A paper from Ryan Compton, David Jurgens and David Allen explains a new method for tracking the location of Twitter users to around 6km based on who they interact with. Using the method, the researchers say, they’re able to “geotag over 80% of public tweets.”
Using the small subset of Twitter users who do provide GPS data or unambiguous location information, the algorithm is then able to “assign a location to a user based on the location of their friends,” building up a geotagged map of users across the social network.
The method isn’t perfect. It’s based on the principal that the “vast majority of Twitter users @mention with geographically close users,” and there are some people with more global networks of connections that the method cannot generate accurate results for. But they say their method was “accurate to city-resolution” for 89.7% of test users.
The researchers point to an array of sociological and scientific benefits of being able to track Twitter users who don’t provide location data. These range from “understanding regional flu trends, linguistic patterns, election forecasting, [and] social unrest,” to helping plan “disaster response.”
There are also obvious commercial benefits to the research. It’s a boon to advertisers: Local businesses will be able to target ads far more effectively at people identified as in the area.
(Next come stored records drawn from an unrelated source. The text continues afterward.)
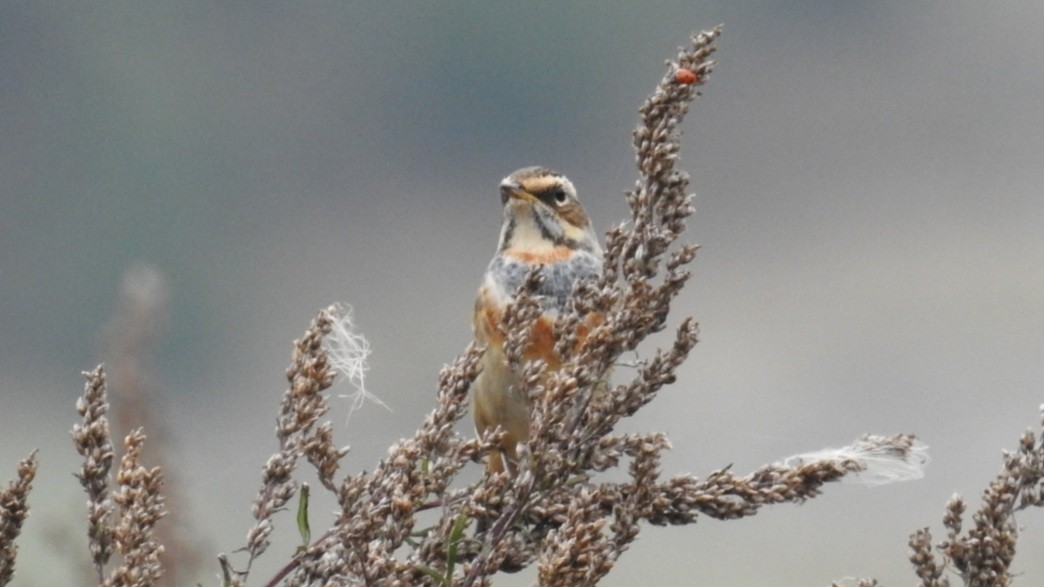 Bluethroat - ML368433151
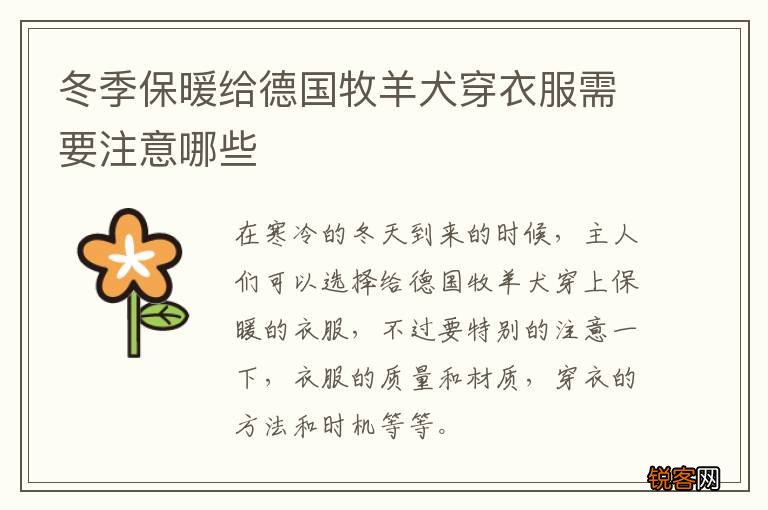 冬季保暖给德国牧羊犬穿衣服需要注意哪些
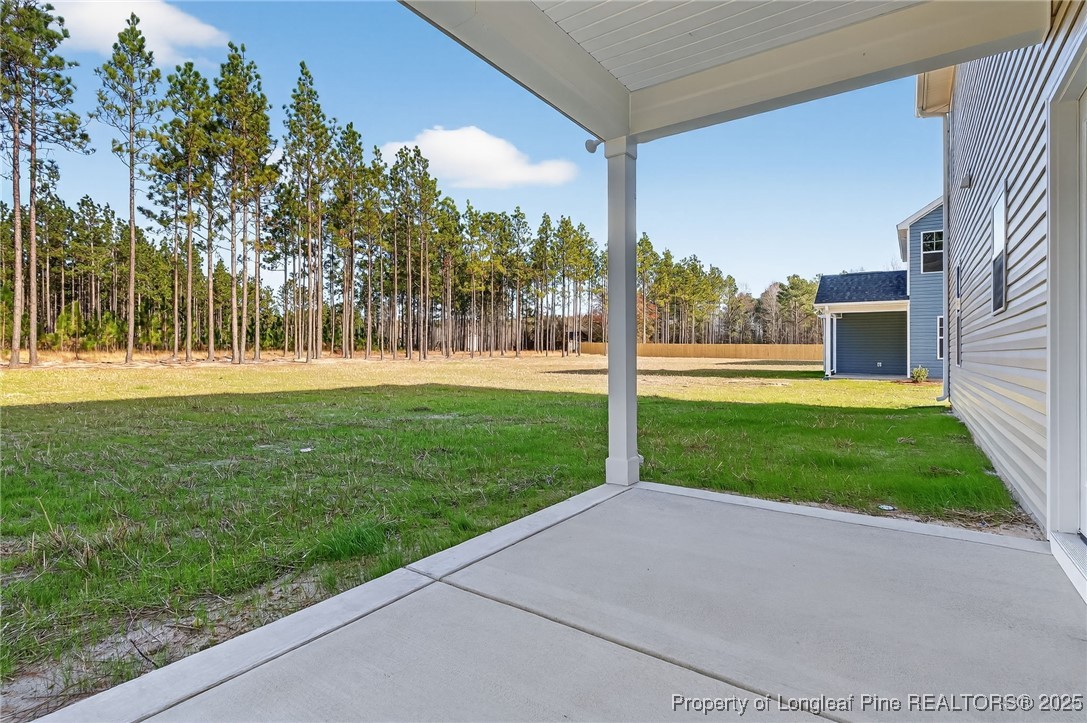 2218 Montrose (lot 2) Road Raeford, NC 28376 - Photo 39 of 48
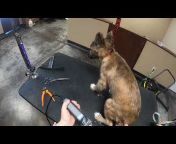 Rover&#39;s Makeover Dog Grooming
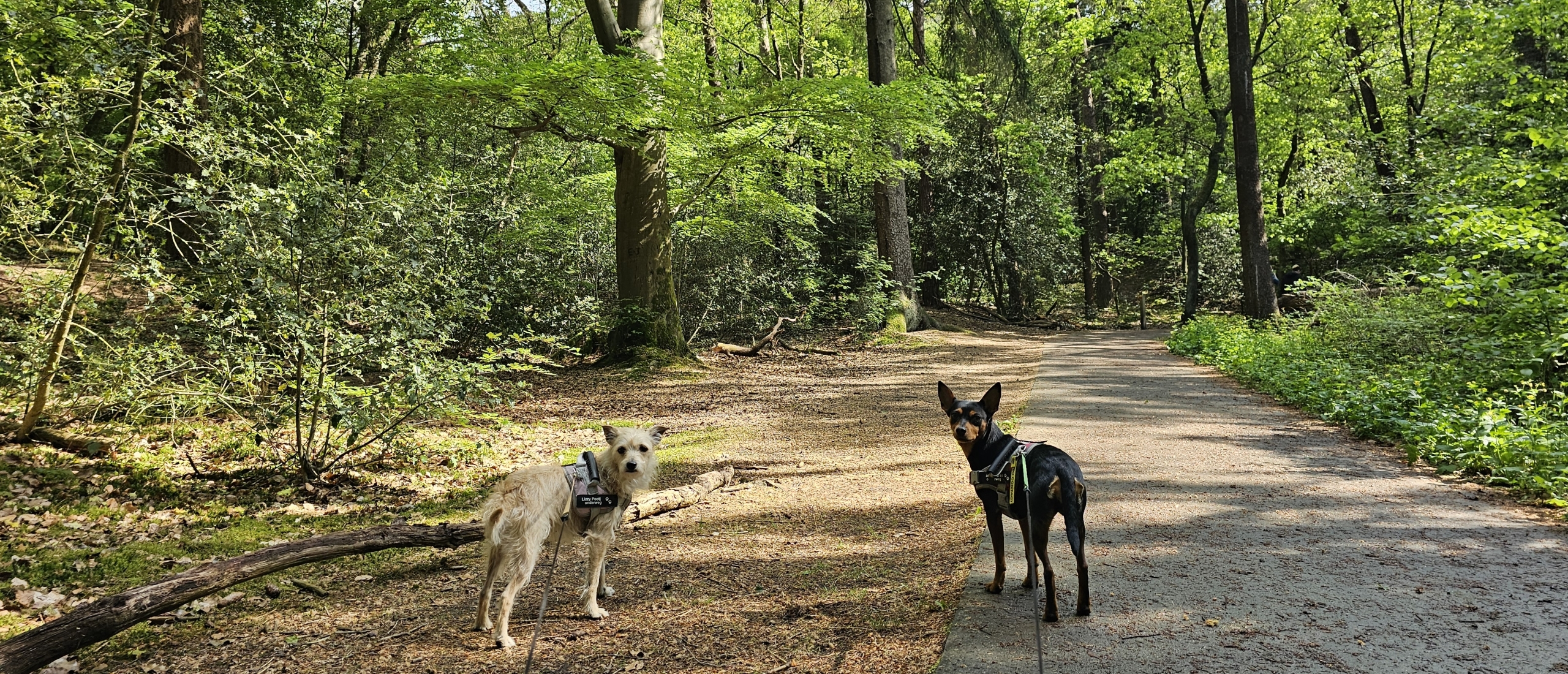 Wandelen door het Klimbos in Appelscha (Nationaal Park drents-friese wold)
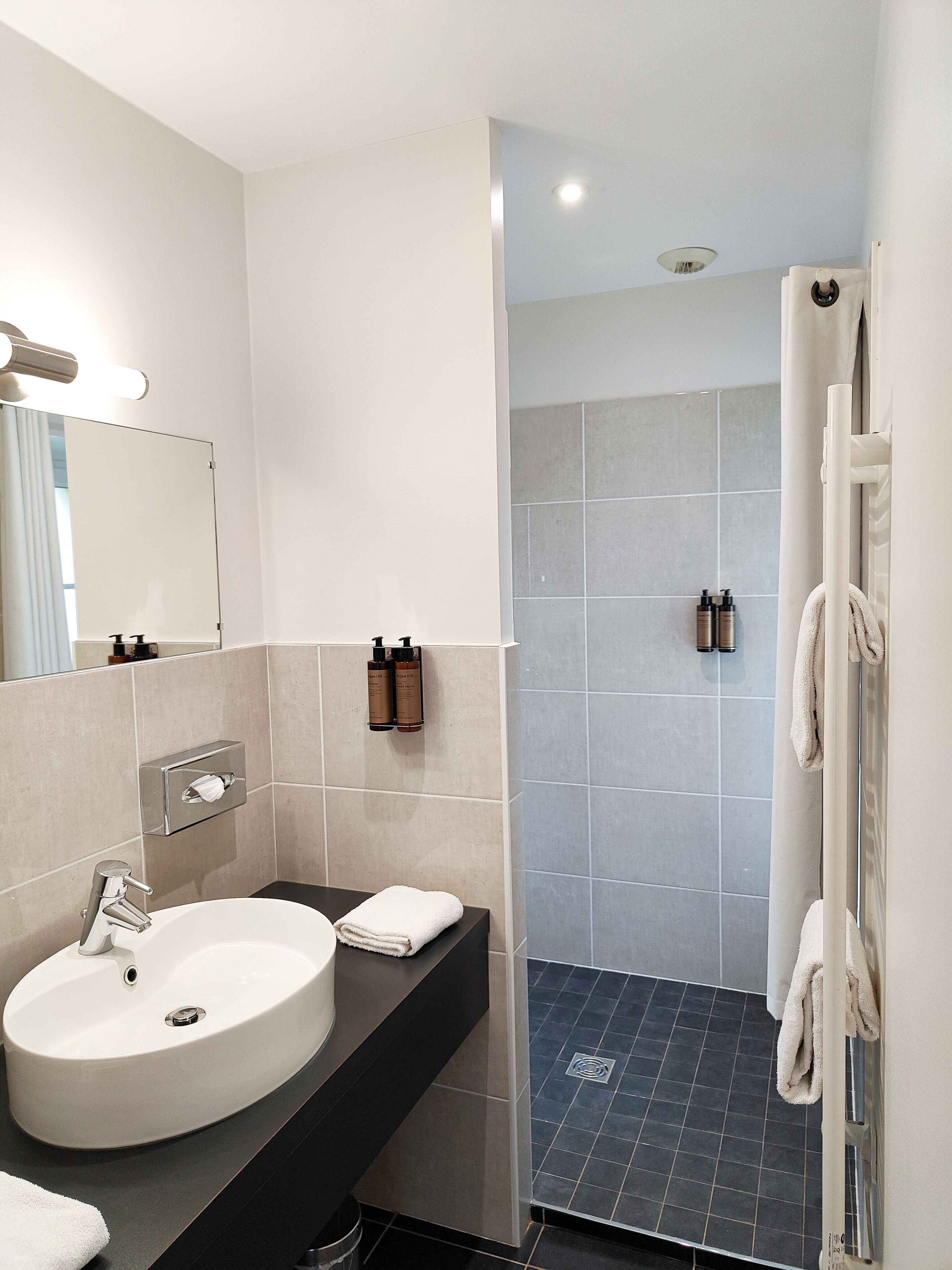 comfort double room, annex building | bathroom | hair dryer, towels, soap, shampoo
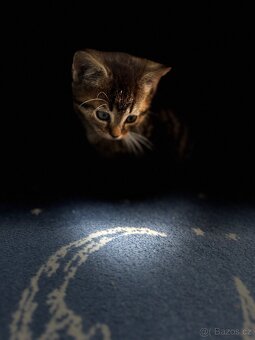 🐾 Hledá se nový domov pro kocourka Bobánka 🐾 - 8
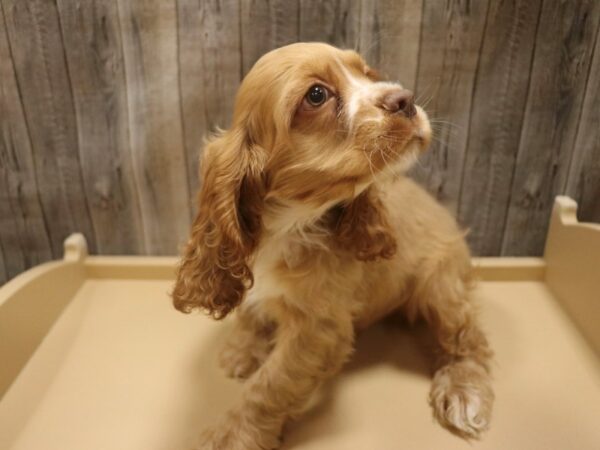 Cocker Spaniel DOG Male Buff 26463 Petland Racine, Wisconsin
But there’s a more sinister side to the findings too. It shows how it’s possible to accurately track a users’ home location based only on who they interact with, even if they have expressly opted out of having their location tracked.
This is a testament to the power of “metadata,” the additional information associated with communications beyond the content itself. (For example, an email’s metadata would include the sender and addressee, and the time it was sent.) While previous studies on Twitter user location have tried to analyse language used for clues to location, the Cornell team ignored the content of the tweets altogether.
“Language-based geotagging models often rely on sophisticated language-specific natural language processing,” they write, “and are thus difficult to extend worldwide.”
The researchers believe they have produced “the largest and most accurate dataset of Twitter user locations” ever, and they have done so by relying on the interactions between users alone to build networks. But by combining their metadata approach with linguistic analysis, it opens the door to ever-more invasive location tracking.